WORK REQUIRED: A word-for-word copy of the entries is needed, and it should contain no images.

== AVAILABLE RECORDS

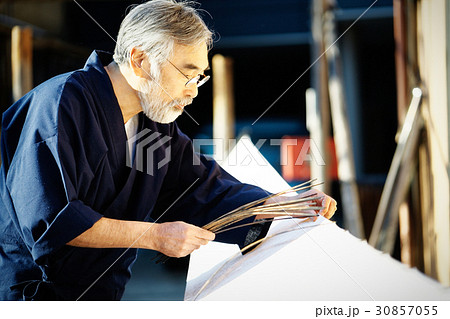 藍染 手捺染 乾燥 藍染 手捺染 乾燥 30857055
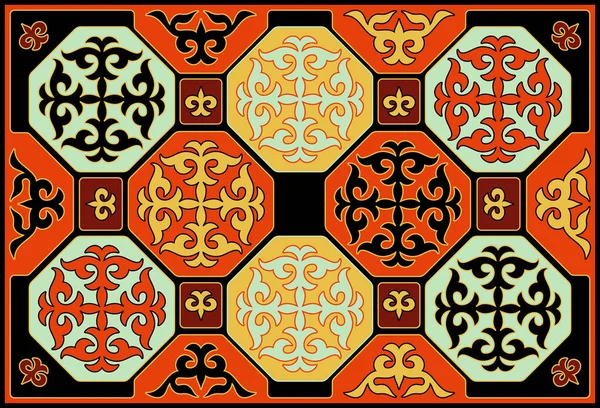 Traditional Kazakh Carpet Colorfull — Stock Vector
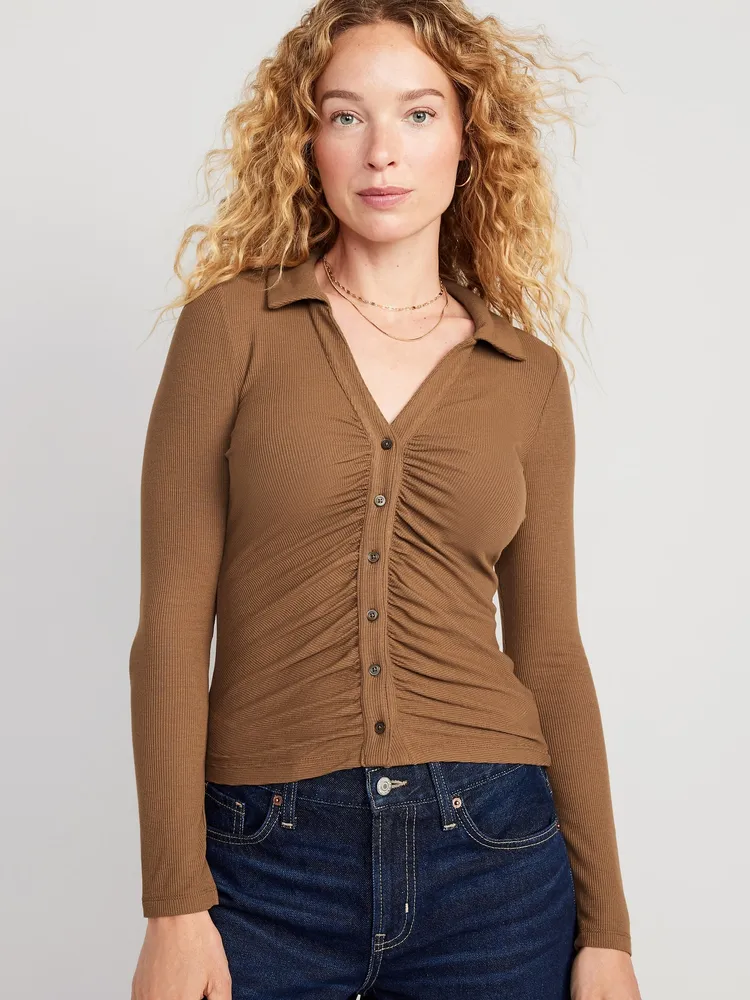 Fitted Long-Sleeve Button-Front Top for Women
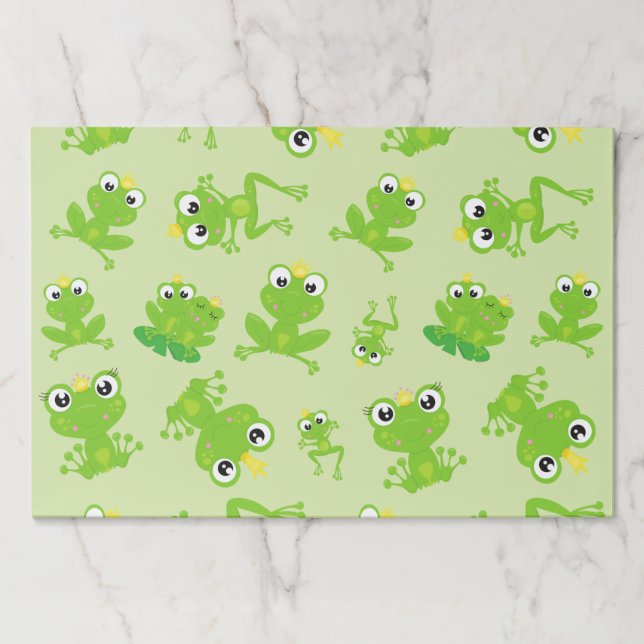 Frog Pattern, Cute Frogs, Green Frogs, Frog Prince Paper Pad (Front)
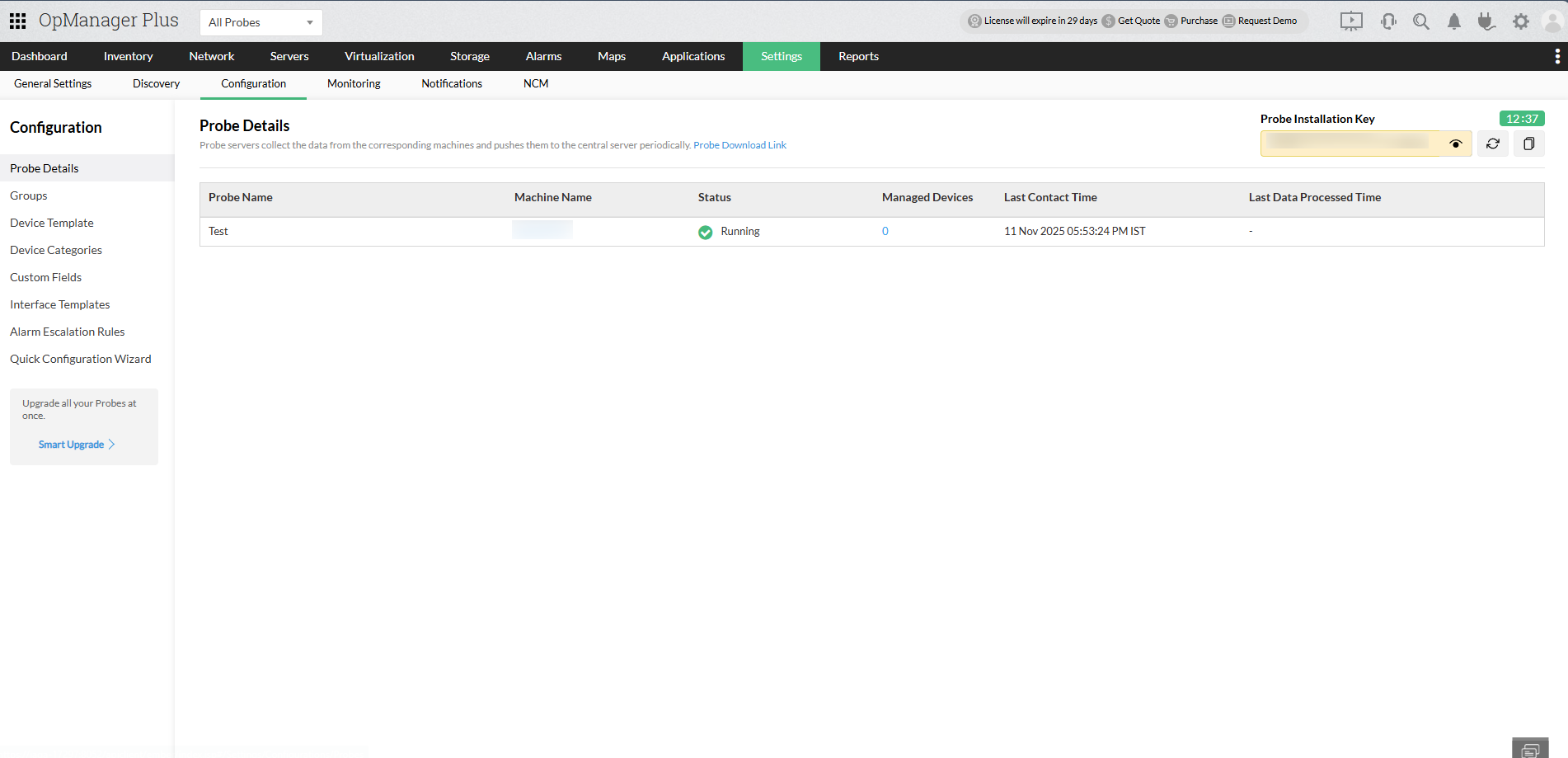 OpManager Plus Enterprise Edition update guide: Probe details page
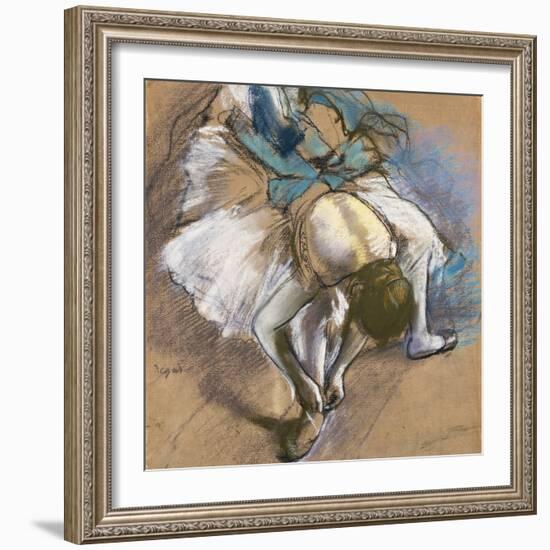 Dancer Putting on her Shoes-Edgar Degas-Framed Giclee Print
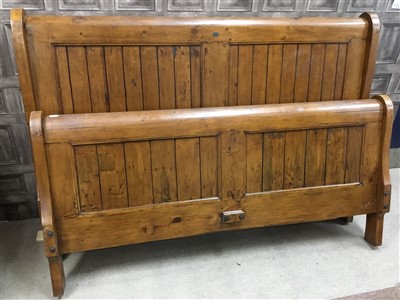 Lot 351 - AN IRISH STAINED WOOD BEDSTEAD
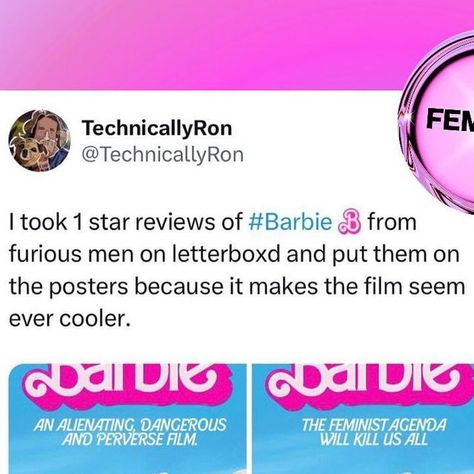 Feminist on Instagram: "Barbie has successfully upset the patriarchy. We’ll accept! ✍️Tweets by @technicallyron via @macgyveringmom22 🏆 FEMINIST WIN 🏆 Greta Gerwig makes herstory as biggest box office opening for a female director over the weekend! Our team reviewed Barbie, check it out in the #linkinbio @feminist" Barbie Feminist Icon, Barbie Feminist, Feminist Tumblr, Feminist Jokes, Feminist Humor, Female Directors, Female Role Models, Feminist Icons, Greta Gerwig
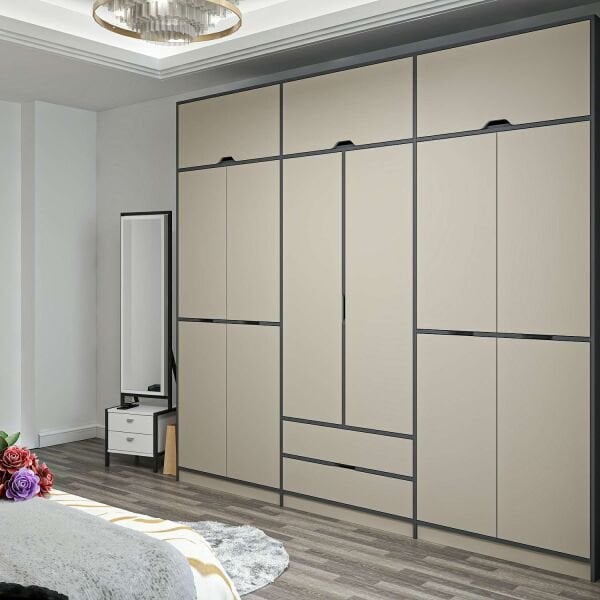 Elina 6 Kapaklı Dolap + Yüklük - Antrasit/Kumtaşı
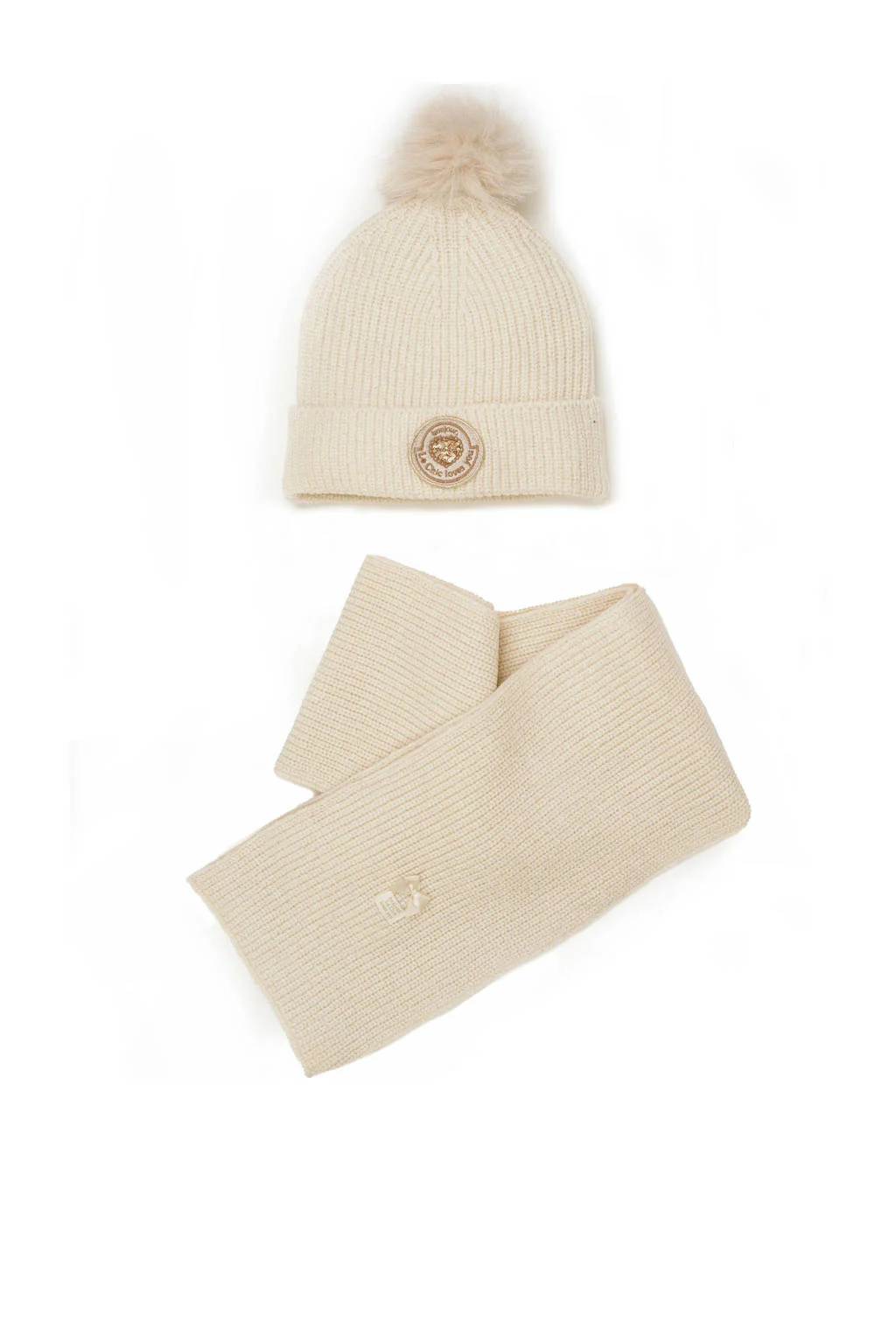 Le Chic muts + sjaal warm offwhite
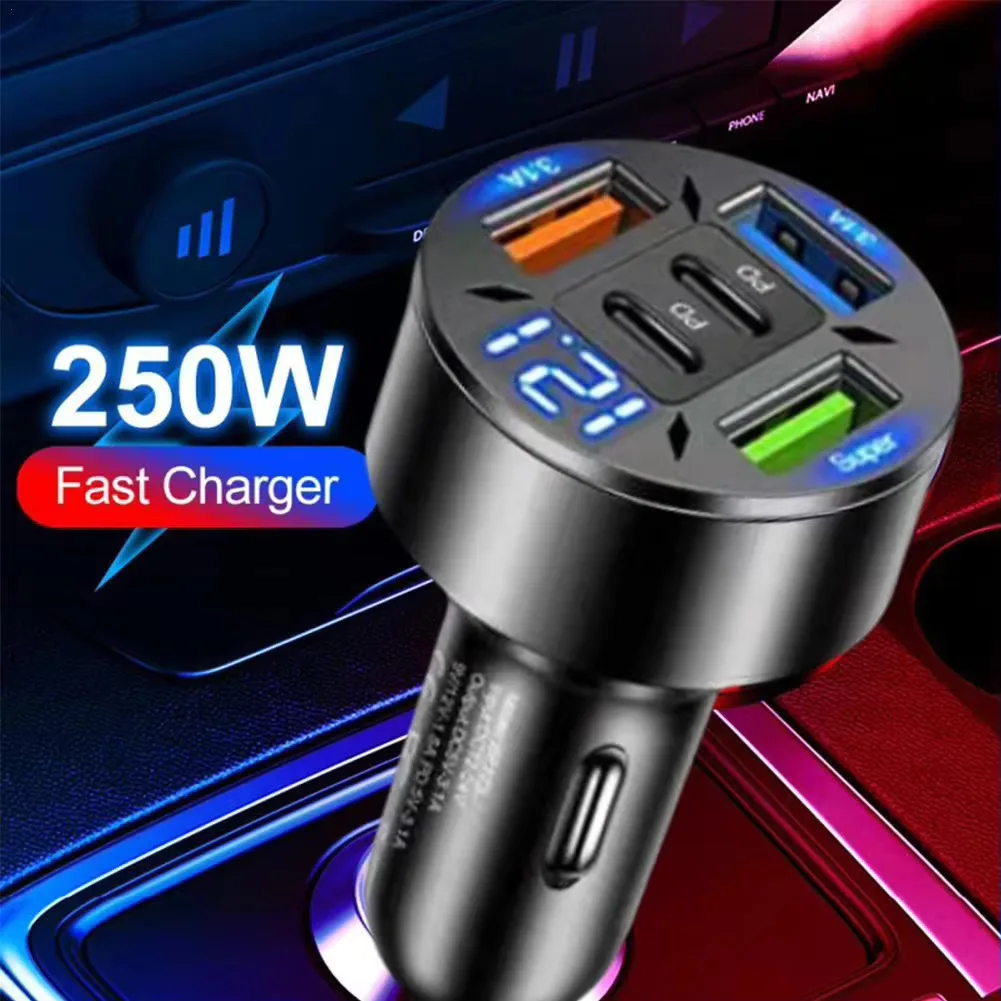 250W 5 Ports Car Charger Fast Charging PD QC3.0 USB C Car Phone Charger Type C Adapter In Car For IPhone 1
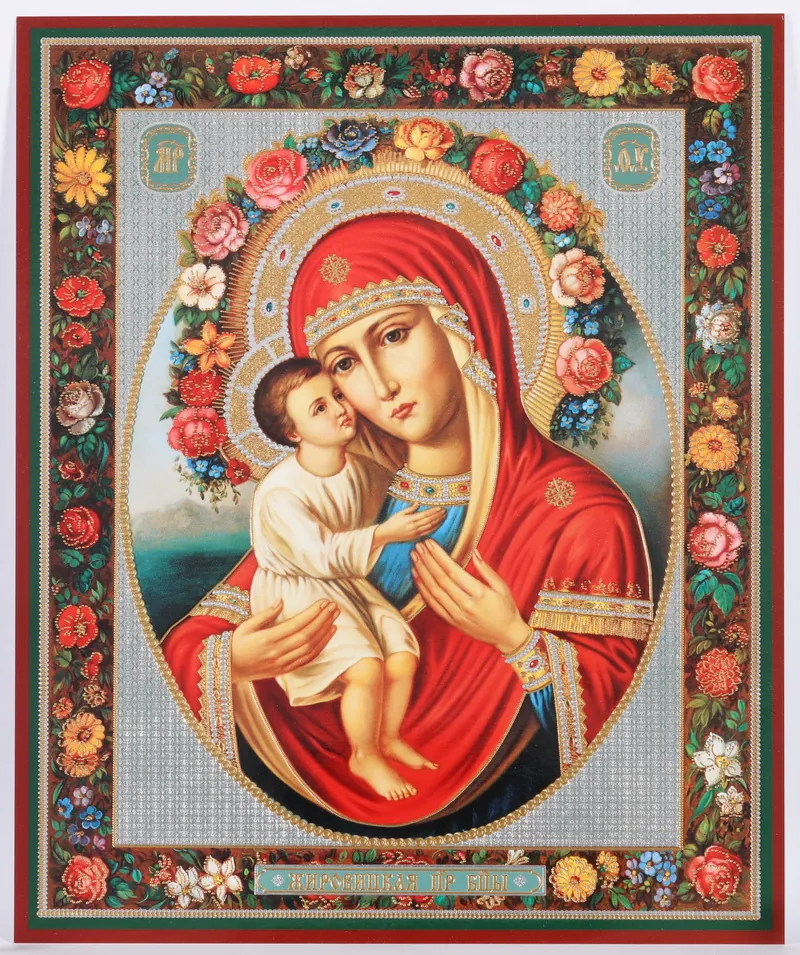 Icon on hardboard №1 18×24 double embossing Zhirovichi Mother of God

====

ANSWER FOR THE TASK:
 藍染 手捺染 乾燥 藍染 手捺染 乾燥 30857055
 Traditional Kazakh Carpet Colorfull — Stock Vector
 Fitted Long-Sleeve Button-Front Top for Women
 Frog Pattern, Cute Frogs, Green Frogs, Frog Prince Paper Pad (Front)
 OpManager Plus Enterprise Edition update guide: Probe details page
 Dancer Putting on her Shoes-Edgar Degas-Framed Giclee Print
 Lot 351 - AN IRISH STAINED WOOD BEDSTEAD
 Feminist on Instagram: "Barbie has successfully upset the patriarchy. We’ll accept! ✍️Tweets by @technicallyron via @macgyveringmom22 🏆 FEMINIST WIN 🏆 Greta Gerwig makes herstory as biggest box office opening for a female director over the weekend! Our team reviewed Barbie, check it out in the #linkinbio @feminist" Barbie Feminist Icon, Barbie Feminist, Feminist Tumblr, Feminist Jokes, Feminist Humor, Female Directors, Female Role Models, Feminist Icons, Greta Gerwig
 Elina 6 Kapaklı Dolap + Yüklük - Antrasit/Kumtaşı
 Le Chic muts + sjaal warm offwhite
 250W 5 Ports Car Charger Fast Charging PD QC3.0 USB C Car Phone Charger Type C Adapter In Car For IPhone 1
 Icon on hardboard №1 18×24 double embossing Zhirovichi Mother of God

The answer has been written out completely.